If when you run from command line a recent version of phpunit like this
> php phpunit
or
> ./phpunit
or
> php ./phpunit.phar
or
> ./phpunit.phar
And you immediatly return to the prompt with no messages, this is probably due to a "suhosin secutiry" setup.
phpunit is now a "phar" package including all libraries. To be able to run such file when php has the suhosin security module enabled, you must first set this
suhosin.executor.include.whitelist = phar
into you php.ini file (for example, with debian/ubuntu, you may have to edit file /etc/php5/conf.d/suhosin.ini
i tried everything here, but nothing worked until i tried phpunit --no-configuration simpletest.php. that finally gave me some output, which implies that my phpunit.xml.dist file is broken. (i'll come back and update this once i debug it.)

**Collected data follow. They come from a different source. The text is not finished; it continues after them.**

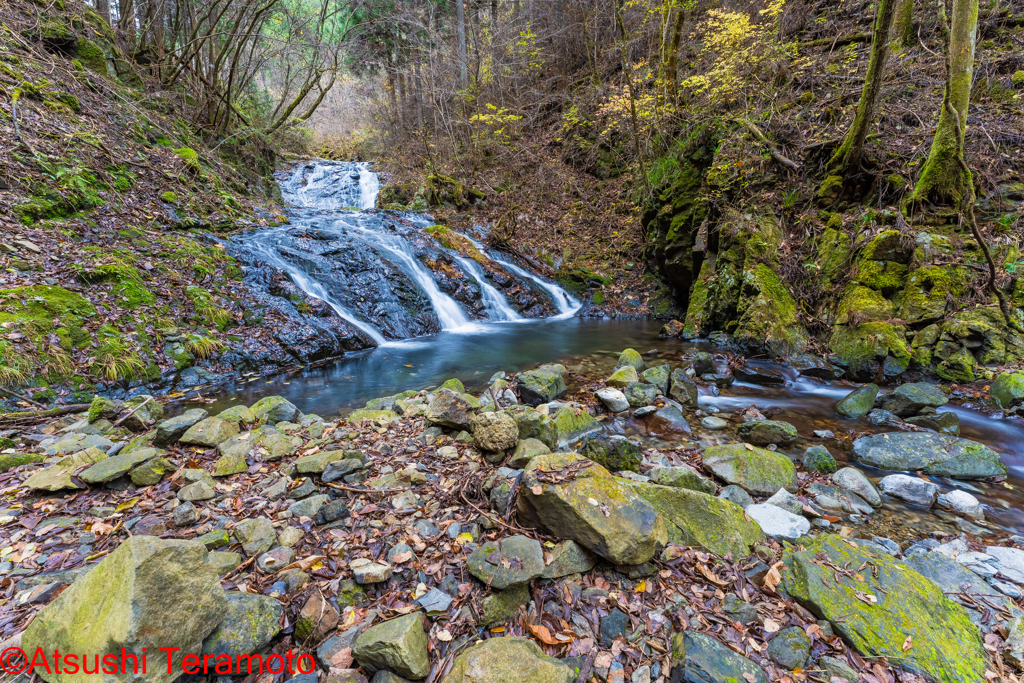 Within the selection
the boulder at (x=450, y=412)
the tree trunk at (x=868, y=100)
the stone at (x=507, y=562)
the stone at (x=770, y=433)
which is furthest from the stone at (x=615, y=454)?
the tree trunk at (x=868, y=100)

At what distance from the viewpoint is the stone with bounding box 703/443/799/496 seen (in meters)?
3.22

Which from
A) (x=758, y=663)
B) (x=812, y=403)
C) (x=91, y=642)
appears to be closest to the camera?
(x=91, y=642)

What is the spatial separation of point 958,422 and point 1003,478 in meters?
1.20

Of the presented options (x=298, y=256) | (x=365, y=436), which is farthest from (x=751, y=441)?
(x=298, y=256)

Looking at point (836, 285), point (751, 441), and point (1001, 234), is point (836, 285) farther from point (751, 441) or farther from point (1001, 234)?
point (751, 441)

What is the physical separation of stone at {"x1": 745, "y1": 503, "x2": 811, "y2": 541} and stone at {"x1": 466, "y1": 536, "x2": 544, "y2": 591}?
161 centimetres

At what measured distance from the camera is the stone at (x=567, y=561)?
207 cm

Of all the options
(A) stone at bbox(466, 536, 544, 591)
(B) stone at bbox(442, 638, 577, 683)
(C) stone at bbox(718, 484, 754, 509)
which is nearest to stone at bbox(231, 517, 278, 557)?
(A) stone at bbox(466, 536, 544, 591)

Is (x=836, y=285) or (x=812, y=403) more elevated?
(x=836, y=285)

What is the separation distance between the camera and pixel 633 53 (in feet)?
50.8

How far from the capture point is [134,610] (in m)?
1.36

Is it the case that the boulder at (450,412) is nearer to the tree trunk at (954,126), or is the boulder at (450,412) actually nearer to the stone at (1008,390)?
the stone at (1008,390)

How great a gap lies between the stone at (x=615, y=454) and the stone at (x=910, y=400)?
374 cm

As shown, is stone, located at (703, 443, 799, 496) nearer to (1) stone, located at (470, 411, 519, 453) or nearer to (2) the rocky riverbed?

the contents of simpletest.php are below, but any test file should work.
<?php
use PHPUnit\Framework\TestCase;
final class FooTest extends TestCase
{
public function testFoo()
{
$this->assertEquals('x', 'y');
}
}
Check if the phpunit you're running and the one you installed are the same:
$ pear list phpunit/phpunit
...
script /path/to/phpunit
...
Try to execute exactly that phpunit with the full path.
Then check your PATH variable and see if the correct directory is in it. If not, fix that.
If that does not help, use write something into the phpunit executable, e.g. "echo 123;" and run phpunit. Check if you see that.
For me the conflict was with Xdebug's directive
xdebug.remote_enable=1
If you are using composer, check to make sure your included PHP files are not ending the code executions. The same goes for when you included certain PHP files explicitly.
In my case, I was working on a WordPress plugin and one of the PHP files I included directly in composer.json (which I don't want to load through PSR-4 because WordPress's coding standards don't support it yet) had this code on top;
if (!defined('ABSPATH')) {
exit(); // exit if accessed directly
}
And since ABSPATH will not be defined when I run the tests directly, the code was exiting.
This is because, since I told Composer to always load these files each time, this part of the code will execute, while the other files included though autoload PSR will load on demand.
So check to make sure any of the files you included are not stopping the code execution. If it happens, then even when you run phpunit --info the code will still exit and you won't see any output.
I was facing a seems problem. I could run phpunit from root directory but not from anywhere else. so I put the "--configuration" tag, and point it to my xml configuration.
$ ./<path_to_phpunit>phpunit --configuration <path_to_phpunitxml>/phpunit.xml
The path to phpunit is optinal, I used it because I installed locally by composer.
In /composer/vendor/phpunit/phpunit/src/TextUI/Command.php in main() function in catch (Throwable $t) {} block var_dump (echo / print_r) exception. If an exception exists, you, probably, will solve the current problem.